Segment Start: INPUT DATA

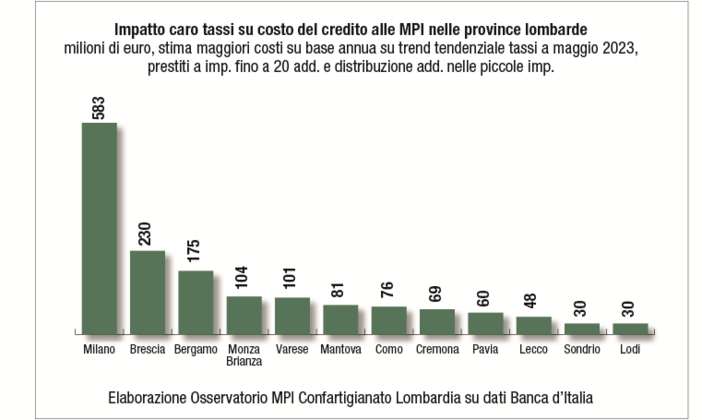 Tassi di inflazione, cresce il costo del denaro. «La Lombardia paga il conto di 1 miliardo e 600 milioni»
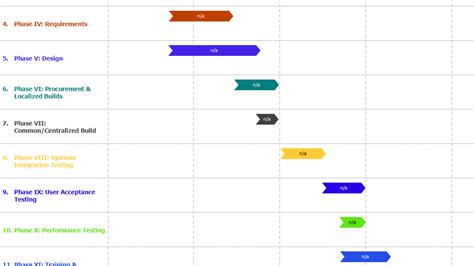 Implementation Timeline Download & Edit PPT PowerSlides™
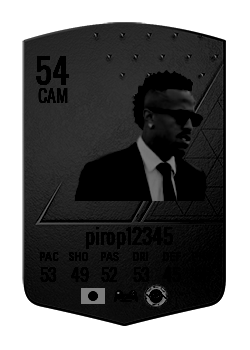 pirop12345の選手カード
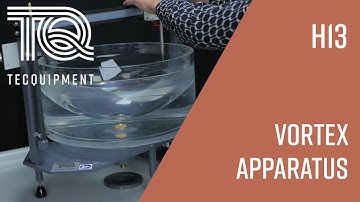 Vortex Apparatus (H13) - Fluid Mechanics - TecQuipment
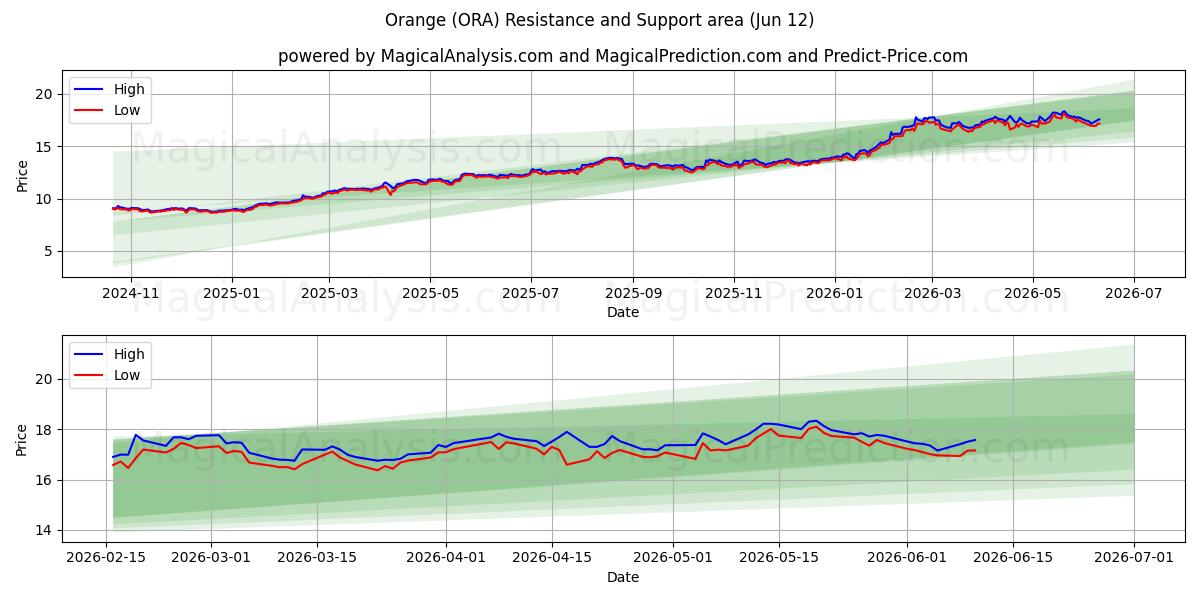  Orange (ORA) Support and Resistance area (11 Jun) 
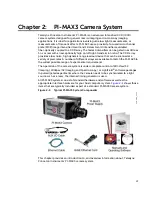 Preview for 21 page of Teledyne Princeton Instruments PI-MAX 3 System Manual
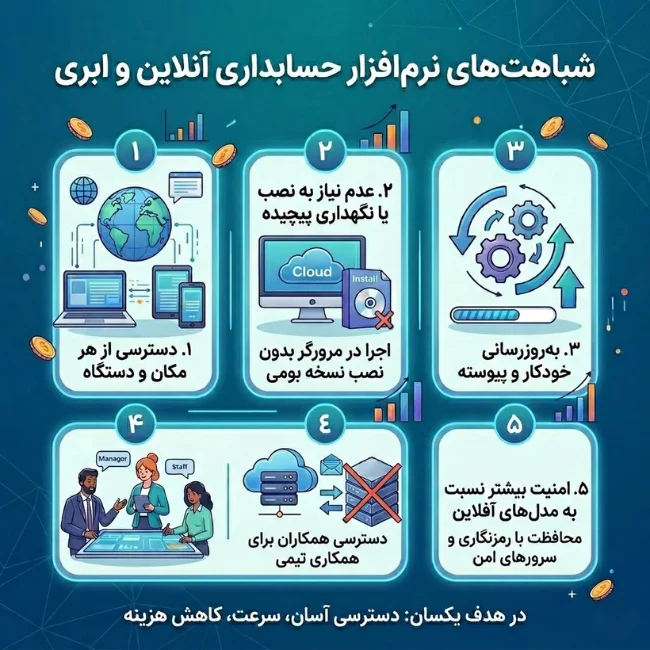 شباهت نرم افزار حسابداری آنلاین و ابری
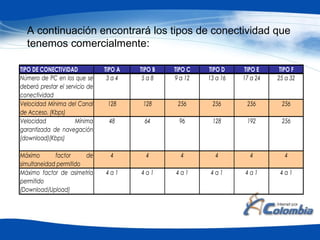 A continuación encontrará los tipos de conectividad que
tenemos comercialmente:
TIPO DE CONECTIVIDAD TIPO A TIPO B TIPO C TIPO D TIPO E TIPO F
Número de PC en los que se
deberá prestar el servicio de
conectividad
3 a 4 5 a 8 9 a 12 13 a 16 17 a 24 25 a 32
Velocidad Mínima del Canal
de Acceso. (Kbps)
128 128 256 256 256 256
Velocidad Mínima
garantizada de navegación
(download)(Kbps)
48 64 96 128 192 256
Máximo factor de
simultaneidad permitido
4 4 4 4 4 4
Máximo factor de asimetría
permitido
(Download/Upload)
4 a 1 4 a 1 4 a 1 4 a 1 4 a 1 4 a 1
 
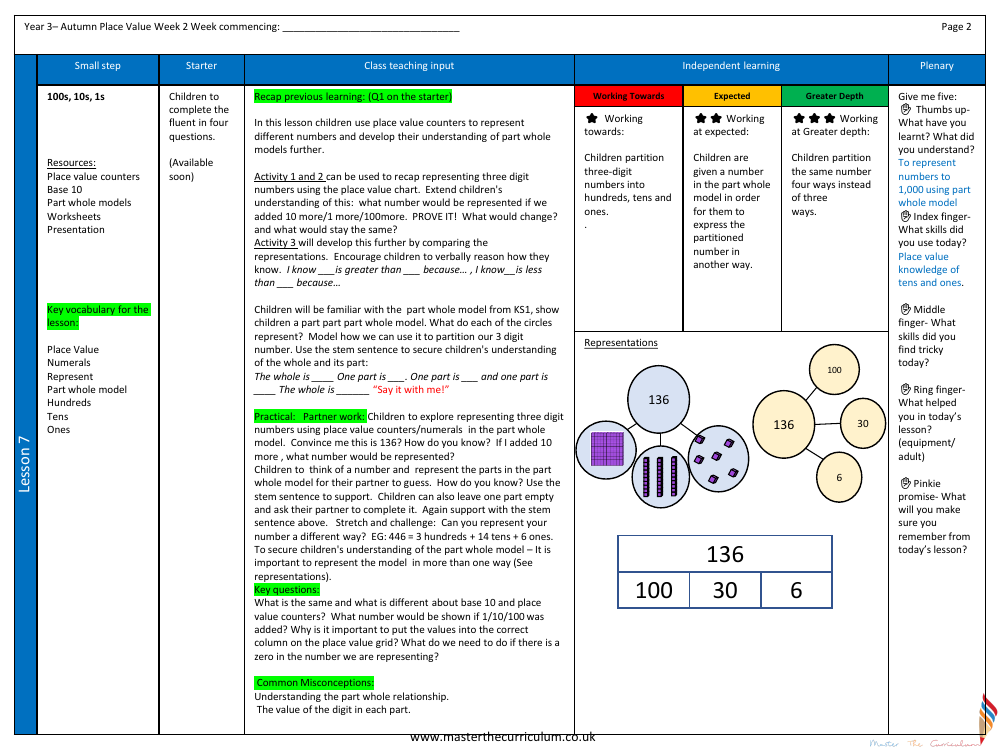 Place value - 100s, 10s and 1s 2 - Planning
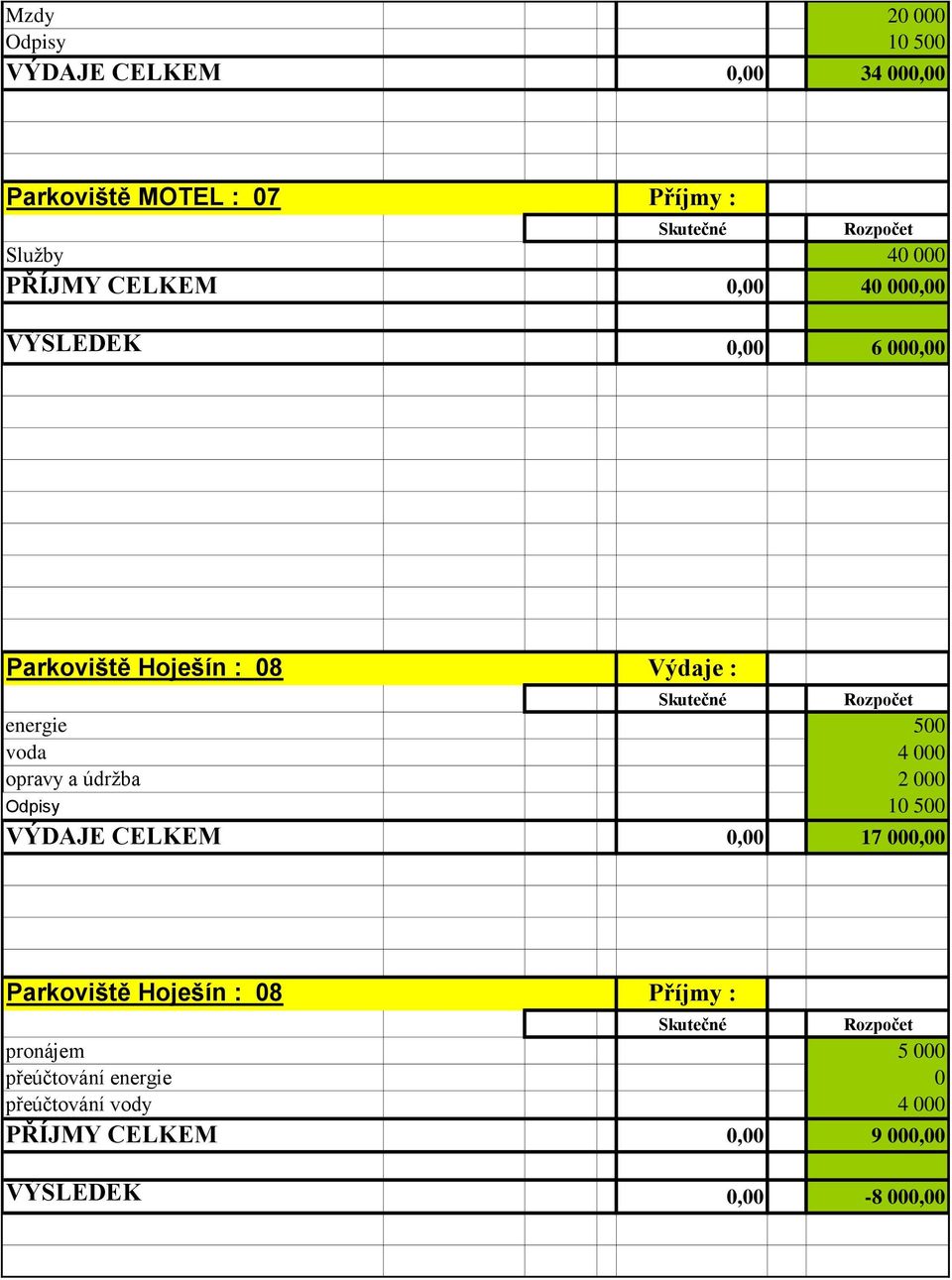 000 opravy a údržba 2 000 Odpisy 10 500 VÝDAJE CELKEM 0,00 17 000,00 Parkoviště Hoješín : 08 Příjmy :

Segment End: INPUT DATA

◆ AIM OF THE EXERCISE: Each line above from the one containing "Preview for 21" through the one containing "deberá prestar el servicio de" is to be returned verbatim. Nothing else, and no pictures.

◆ WRITTEN RESPONSE:
 Preview for 21 page of Teledyne Princeton Instruments PI-MAX 3 System Manual
 شباهت نرم افزار حسابداری آنلاین و ابری
 A continuación encontrará los tipos de conectividad que
tenemos comercialmente:
TIPO DE CONECTIVIDAD TIPO A TIPO B TIPO C TIPO D TIPO E TIPO F
Número de PC en los que se
deberá prestar el servicio de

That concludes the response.